Urteil vom 9. November 2015  
 
Strafrechtliche Abteilung  
 
Besetzung 
Bundesrichter Denys, Präsident, 
Bundesrichterin Jacquemdoud-Rossari, 
Bundesrichter Oberholzer, 
Gerichtsschreiber Held. 
 
Verfahrensbeteiligte 
X.________, 
vertreten durch Advokat Dr. Stefan Suter, 
Beschwerdeführerin, 
 
gegen  
 
Staatsanwaltschaft des Kantons Basel-Stadt, Binningerstrasse 21, 4051 Basel, 
Beschwerdegegnerin. 
 
Gegenstand 
Strafzumessung, bedingte bzw. teilbedingte Strafe (mehrfache Förderung der rechtswidrigen Ein- und Ausreise von Ausländerinnen und Ausländern), 
 
Beschwerde gegen das Urteil des Appellationsgerichts des Kantons Basel-Stadt, Ausschuss, vom 6. Februar 2015. 
 
 
Sachverhalt:  
 
A.  
X.________ ist u.a Eigentümerin einer Liegenschaft in der A.________-Strasse in Basel, in der sie zwischen Juli 2011 und 12. Juli 2012 Zimmer/Wohnungen an Frauen ohne ausländerrechtliche Aufenthalts- und/oder Arbeitsbewilligungen vermietete und von diesen zur Erbringung sexueller Dienstleistungen genutzt wurden.

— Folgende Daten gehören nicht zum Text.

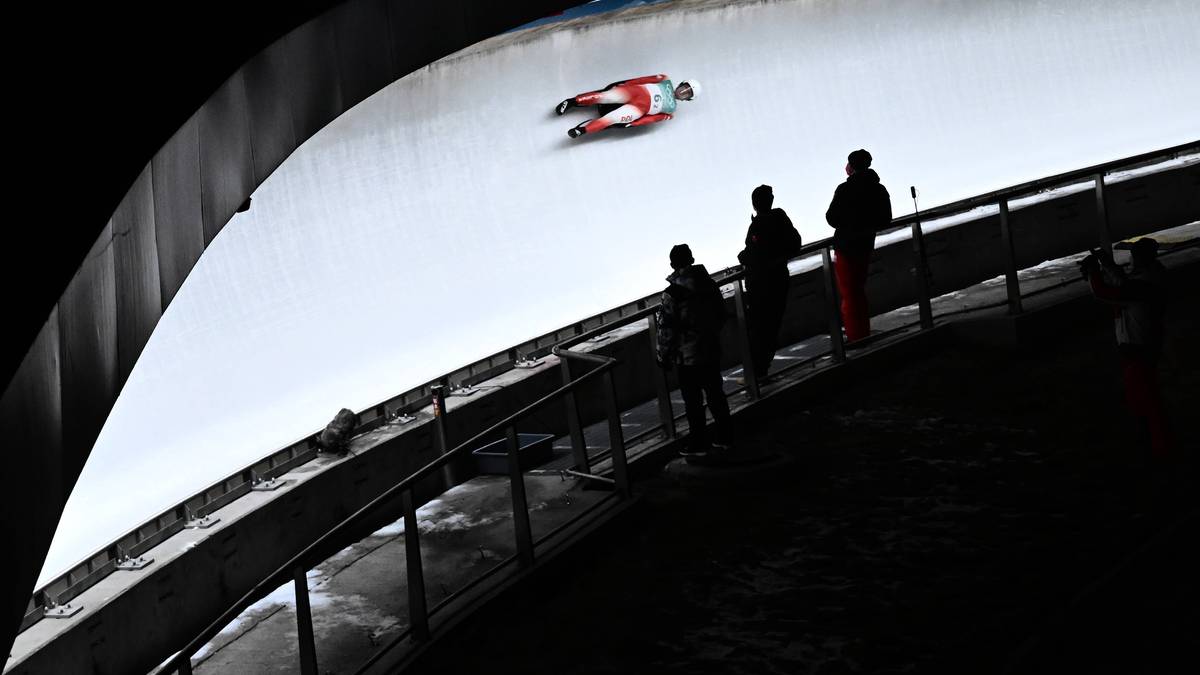 Zawodnik w stroju narciarskim leżący na sankach, zjeżdża po śliskim torze lodowym. Obok toru stoją obserwatorzy.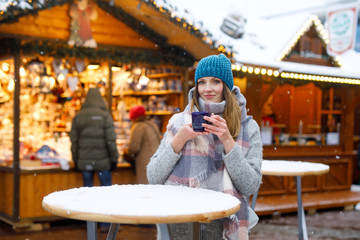 Beautiful young woman drinking hot punch, mulled wine on German Christmas market. Happy girl in winter clothes with lights on background on winter snow day in Munich, Germany.
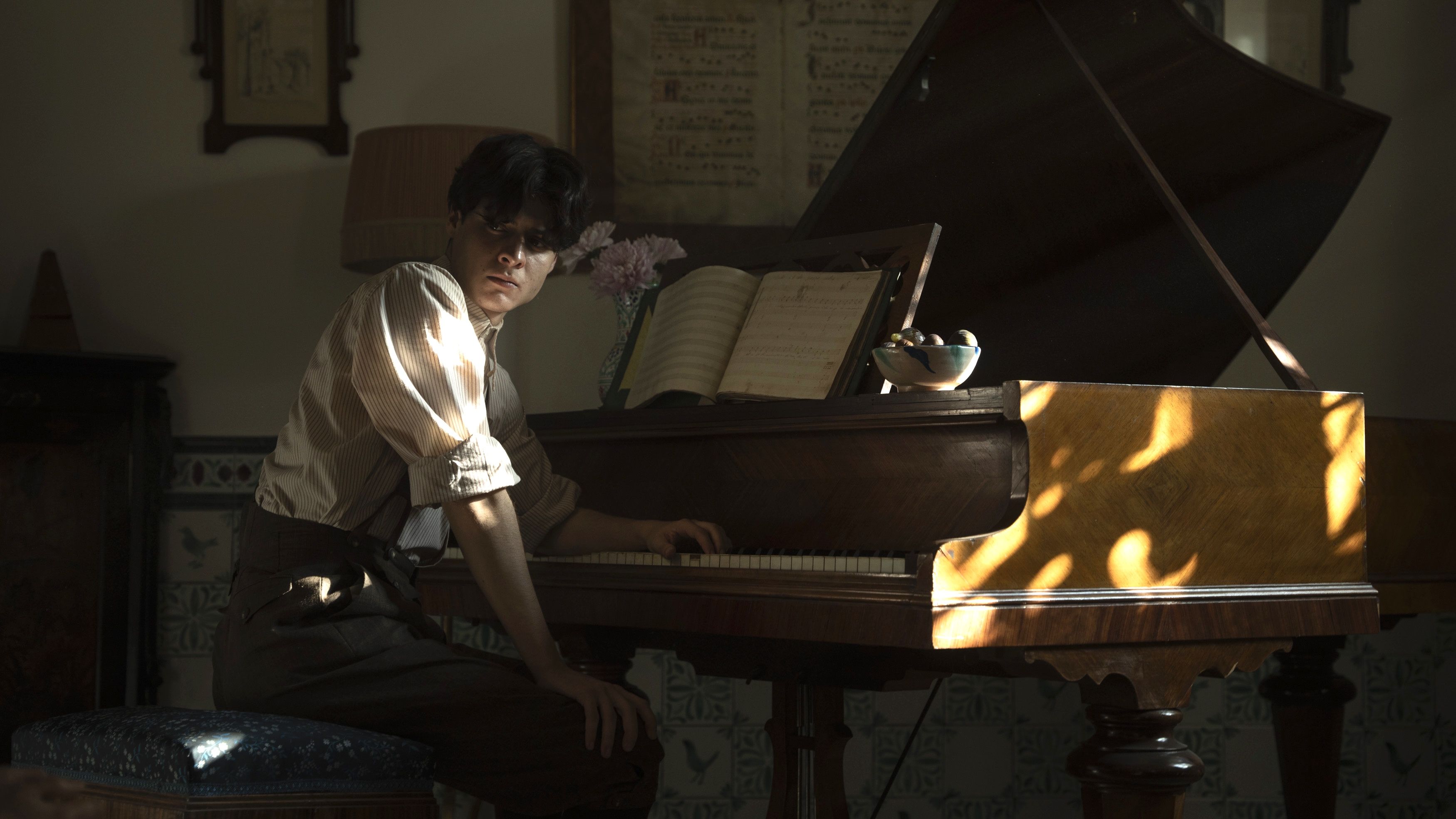 A young man with black hair wearing a white shirt slumps at a piano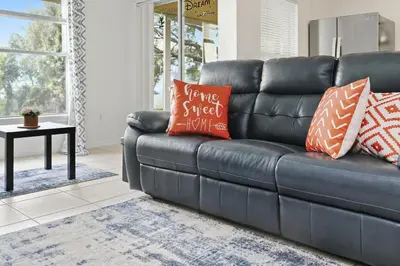 a black leather couch with orange pillows in a living room at Pond View Club Cortile Resort Pool Hot Tub Theme in Kissimmee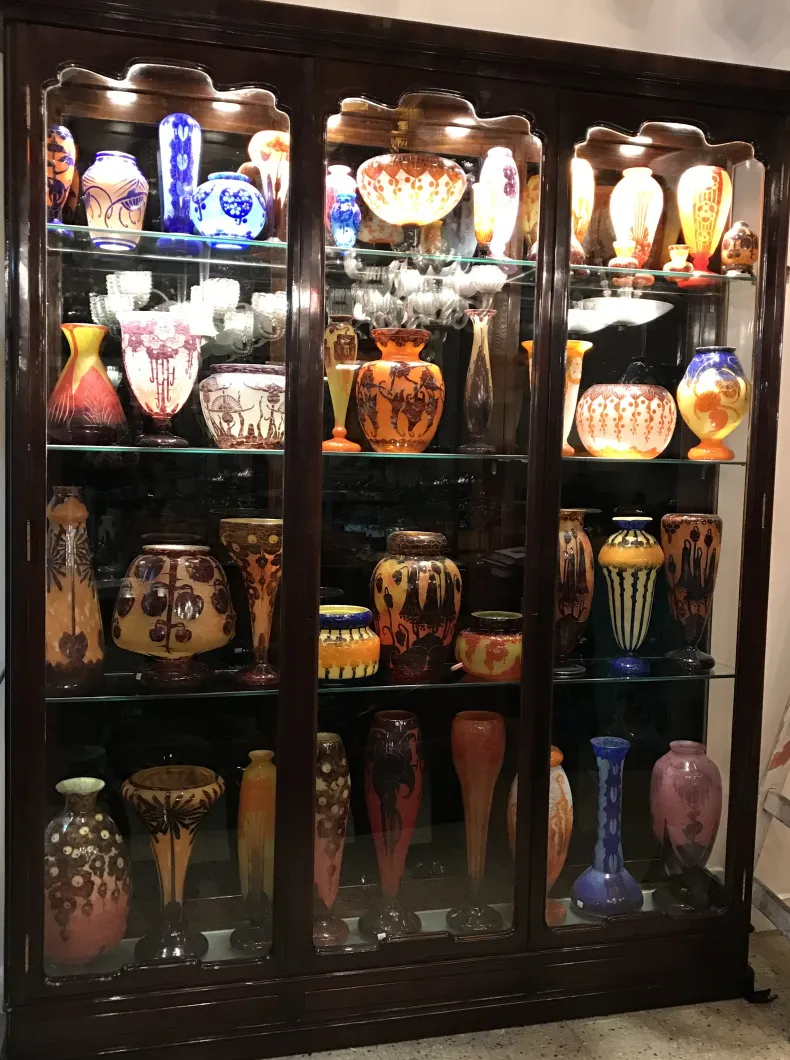 showcase of antiques with various signed glass objects.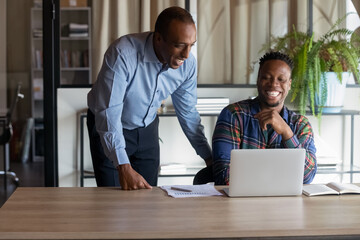 Happy Black office employees of different ages looking at laptop screen at workplace, laughing, having fun. African American coworkers reading email, making video call, watching presentation - Powered by Adobe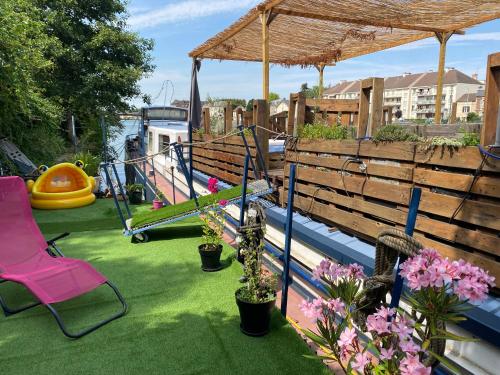 un patio avec une chaise rose et une aire de jeux dans l'établissement Péniche à 25 mn de Paris, à Creil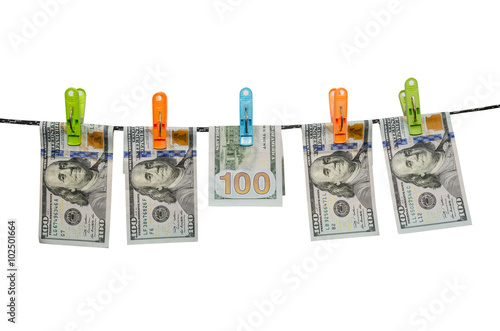 one hundred us dollars are drying on cord isolated on white background photo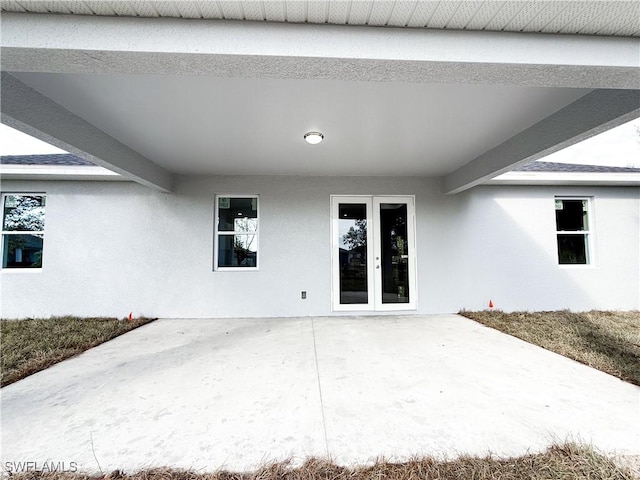 entrance to property with french doors and a patio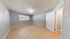 Bright and spacious bedroom with large window, light gray walls, and elegant tile flooring.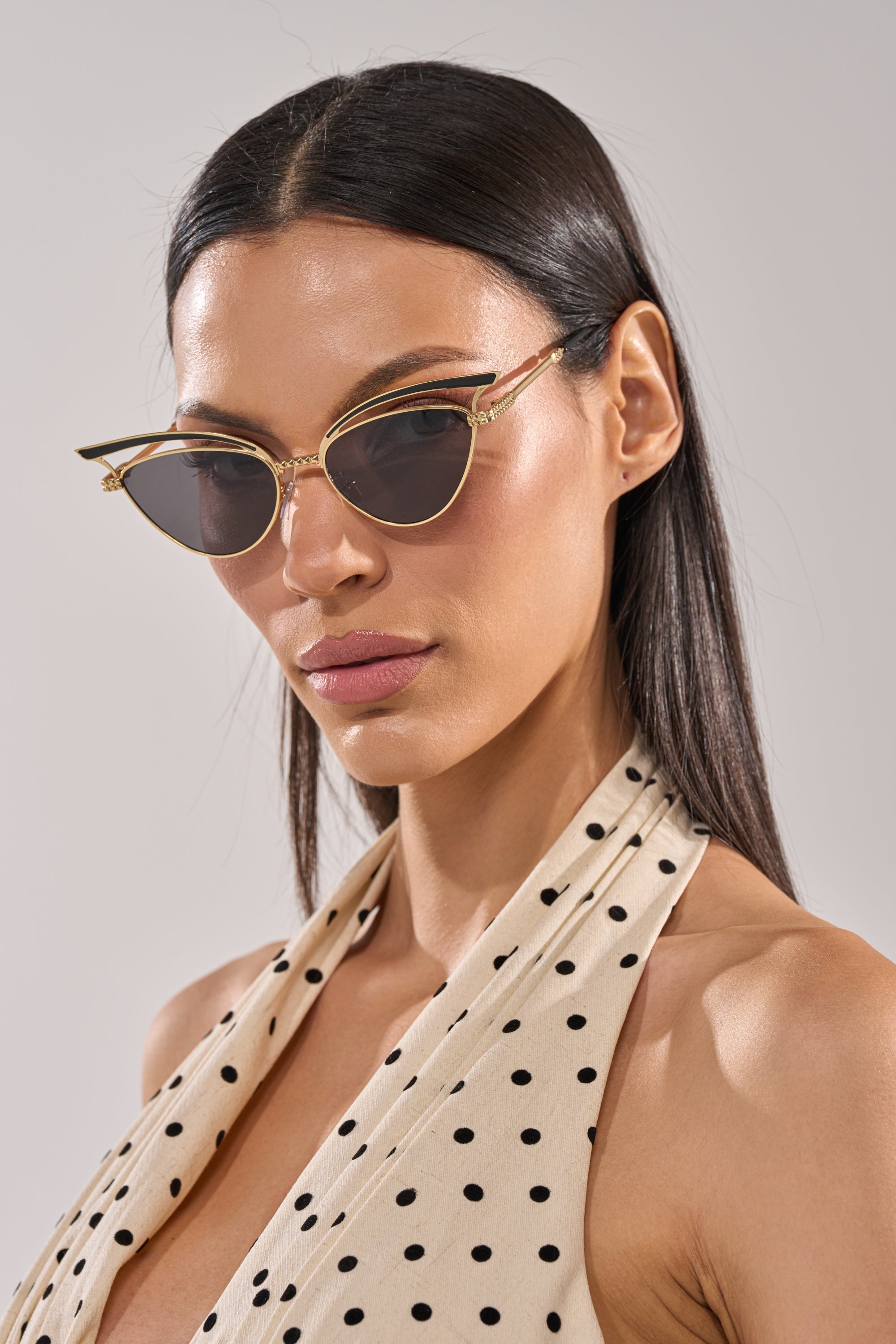 A woman with straight dark hair wears the AUDREY SUNGLASSES, featuring gold-accented cat-eye frames and dark lenses, with a cream halter top with black polka dots, posing against a light gray background. 2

Die der illegalen Prostitution nachgehenden Ausländerinnen knüpften die Kontakte mit ihren Kunden in der sich im Erdgeschoss der Liegenschaft von der B.________ GmbH betriebenen Bar, deren Mehrheitsgesellschafterin und Geschäftsführerin X.________ bis zum 2. September 2013 war. 
 
B.  
Das Appellationsgericht des Kantons Basel-Stadt "bestätigte" am 6. Februar 2015 im Berufungsverfahren den Schuldspruch von X.________ wegen mehrfacher Förderung der rechtswidrigen Ein- und Ausreise oder des rechtswidrigen Aufenthalts von Ausländerinnen und Ausländern und der mehrfachen Beschäftigung von Ausländerinnen und Ausländern ohne Bewilligung. Es verurteilte sie zu einer unbedingten Geldstrafe von 140 Tagessätzen zu Fr. 1'140.- und einer Busse von Fr. 1'000.-. 
 
C.  
X.________ führt Beschwerde in Strafsachen und beantragt, das Urteil des Appellationsgerichts sei aufzuheben, und ihr sei für die ausgesprochene Geldstrafe der bedingte Vollzug zu gewähren. Eventualiter sei die Sache zur Neubeurteilung an die Vorinstanz zurückzuweisen. X.________ ersucht um aufschiebende Wirkung ihrer Beschwerde. 
 
D.  
Das Appellationsgericht und die Staatsanwaltschaft des Kantons Basel-Stadt beantragen unter Verweis auf das angefochtene Urteil, die Beschwerde abzuweisen. 
 
 
Erwägungen:  
 
1.  
 
1.1. Die Beschwerdeführerin wendet sich gegen die Verweigerung einer bedingten bzw. teilbedingten Strafe. Die Vorinstanz begründe ihre Bedenken hinsichtlich einer günstigen Legalprognose sachfremd. Dass sie "diverse Etablissements" im Basler Rotlichtmilieu betreibe, sei weder strafbar noch Gegenstand des vorliegenden Verfahrens. Eine negative Legalprognose lasse sich nicht alleine mit ihren Vorstrafen begründen. Die Vorinstanz gehe "willkürlich" von Fortsetzungsgefahr aus, obwohl die Beschwerdeführerin sich aus dem Geschäft an der A.________-Strasse vollständig zurückgezogen habe. Ihre Legalprognose sei gut, weshalb ihr der bedingte, aber zumindest der teilbedingte Strafvollzug gemäss Art. 43 StGB zu gewähren sei. Die unbedingte Geldstrafe erweise sich vorliegend als schwerste Sanktion. Die Vorinstanz hätte von Amtes wegen fragen müssen, ob sie anstelle der ausgesprochenen Strafe gemeinnütziger Arbeit zustimme. Selbst eine Freiheitsstrafe wäre milder ausgefallen, da diese im Regime des "Electronic Monitoring" hätte vollzogen werden können.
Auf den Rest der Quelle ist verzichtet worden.